Отчасти потому, что ему шло навстречу время. Ведь первую книгу он закончил еще до того, как Сталина вынесли из Мавзолея. Многое из того, о чем в 1959-м или 60-м нельзя было даже и мечтать, в 1962-м или 63-м стало возможным.
Тут, кстати, не мешает отметить, что немало этому способствовал и он сам, впервые прикасаясь ко всякого рода запретным темам и с огромным трудом добиваясь, чтобы они перестали быть запретными. Мемуары Эренбурга не просто вписывались в социальную атмосферу тех лет, приспосабливаясь к ней. Они самим фактом своего существования меняли эту атмосферу, «поднимая планку» общепринятых представлений и «дозволенных» сюжетов и тем. Его критиковали, с ним спорили, его даже одергивали, иногда весьма грубо. Но, как бы то ни было, тема, к которой вчера еще нельзя было даже прикоснуться, становилась предметом спора, обсуждения, пусть даже эти споры и обсуждения, в соответствии с тогдашними советскими нравами, принимали, как правило, вполне дикую форму.
* * *Первый раз — вживе — я увидал Эренбурга году в 48-м или в 49-м. Он приехал к нам в институт и три вечера подряд рассказывал нам о тайнах писательского ремесла.
Встретили его нельзя сказать, чтобы восторженно: мы ведь были избалованы постоянным общением с живыми классиками, каждую неделю встречались с Фединым, Паустовским.
Но с Эренбургом они все-таки равняться не могли. Он был живой легендой. Война кончилась совсем недавно. А тогда, в войну, как написал об Эренбурге в одной своей статье Вениамин Каверин, «на весь мир раздавался стук его пишущей машинки».
В общем, его приезд был для нас событием. И слушали его, что называется, разинув рот. Но на исходе третьего вечера произошел такой небольшой казус.
Сказав, что, описывая гибель своего героя, писатель как бы примеряет свою собственную смерть, Эренбург припомнил хрестоматийную историю про Бальзака.
— Однажды к Бальзаку, — рассказывал он, — пришел его приятель. Он увидел писателя сползавшим с кресла. Пульс был слабый и неровный. «Скорее за доктором! — закричал приятель. — Господин Бальзак умирает!» От крика Бальзак очнулся и сказал: «Ты ничего не понимаешь. Только что умер отец Горио…»
И тут в зале засмеялись.
Не стану утверждать, что гоготал весь зал, но это не был смех двух-трех белых ворон.
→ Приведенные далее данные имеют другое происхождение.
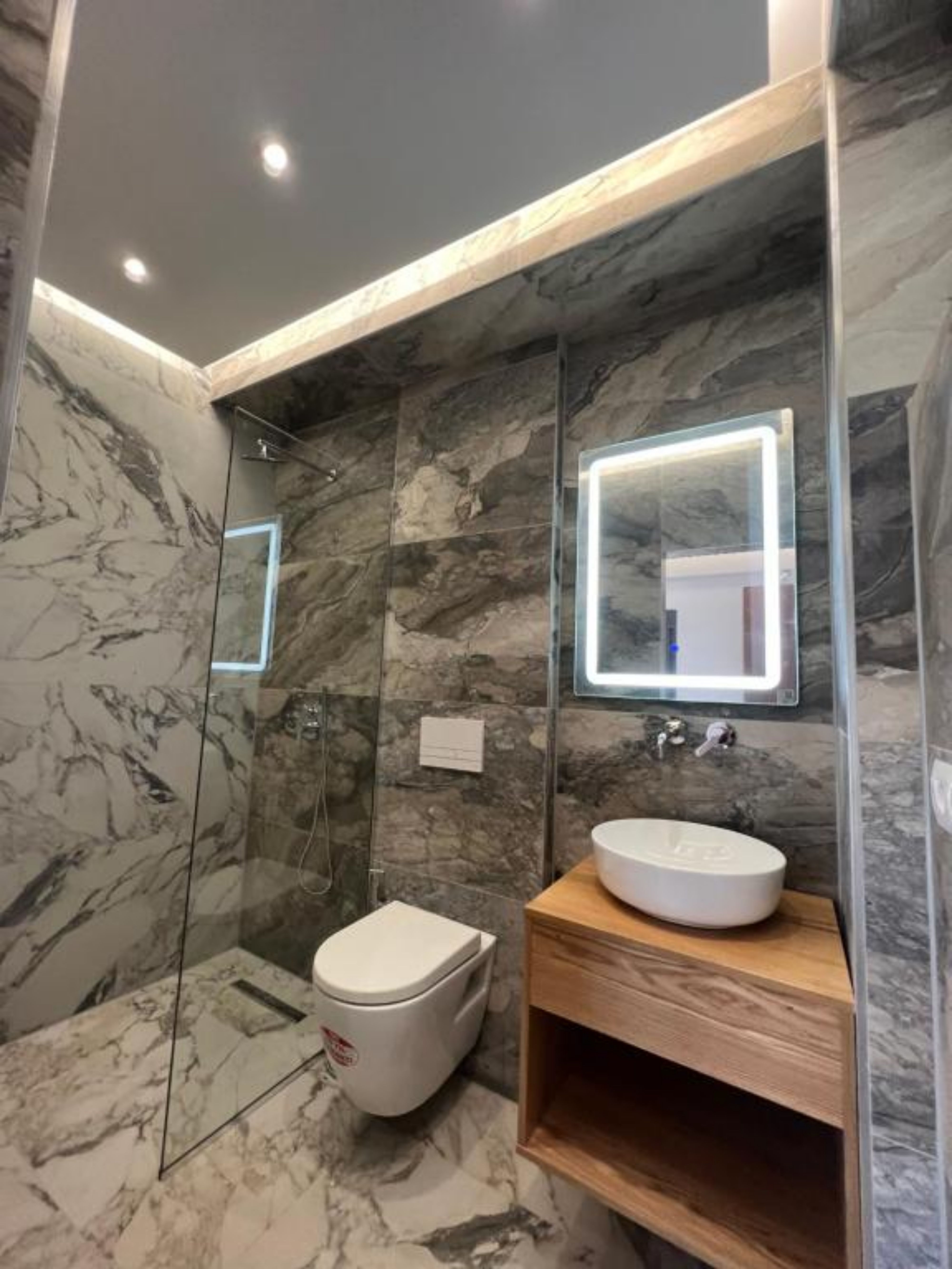 Double King Size Bed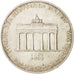 GERMANY - FEDERAL REPUBLIC, 10 Mark, 1991, Berlin, Germany, MS(60-62), Silver...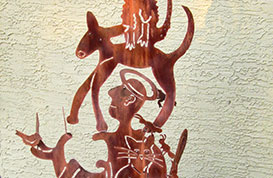 St. Francis for Urban Dwellers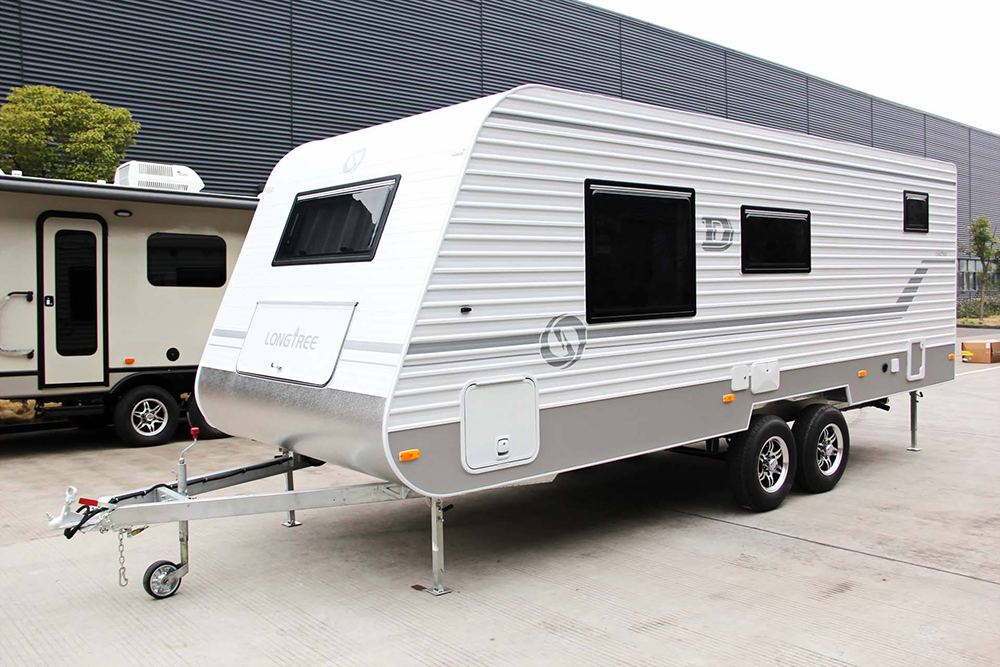 家用轎車是否可以拖掛房車，是否可以上高速？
Смеялись многие, могло даже показаться, что все.
Эренбург побелел. У него задрожали губы. Видно было, что этот смех ударил его в самое сердце. Он воспринял его как личное, смертельное оскорбление, ответить на которое можно было только пощечиной. И он ответил.
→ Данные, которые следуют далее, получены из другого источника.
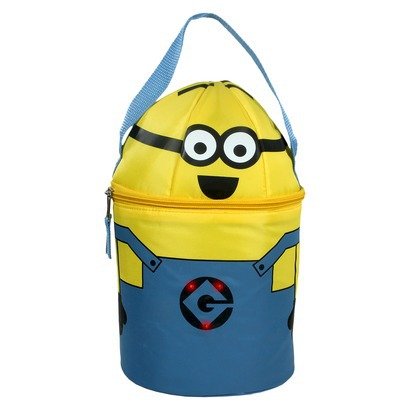 Despicable Me 2 Minions Deluxe Talking Lunch Box with Lights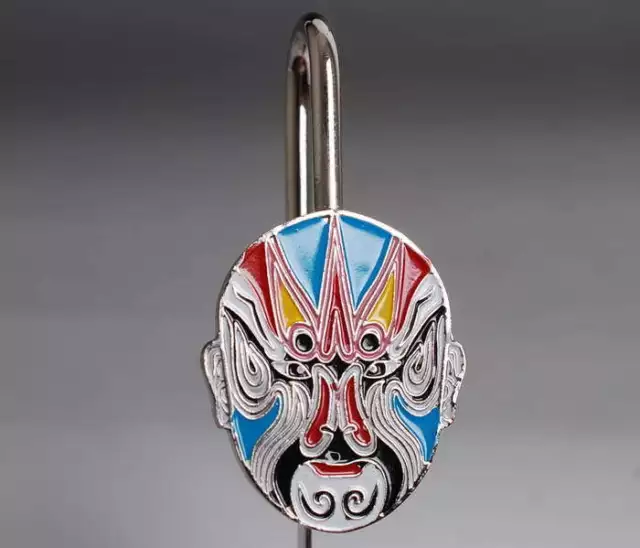 Chinese Style Cloisonne Bookmarks! Letter openers! Christmas festival gifts!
— Вы смеетесь? — с презрением кинул он в зал. — Значит, вы не писатели!
О, — подумал я тогда. — Он и в самом деле поэт!
В нашем кругу принято было в слегка издевательском тоне говорить, что Эренбург — этот блестящий публицист и довольно посредственный романист — сам считает себя прежде всего поэтом. Впрочем, некоторые признанные наши литинститутские поэты помнили и одобрительно цитировали некоторые эренбурговские стихотворные строчки.
Но подумав, что Эренбург, оказывается, и в самом деле поэт, я имел в виду совсем другое. Уж очень подлинной, искренней, какой-то совсем детской была его обида на тех, кто встретил смехом его рассказ о Бальзаке, едва не отдавшем концы из-за смерти своего героя.
Вот с этого момента я и поверил Эренбургу. Поверил, что он не лжет, не притворяется.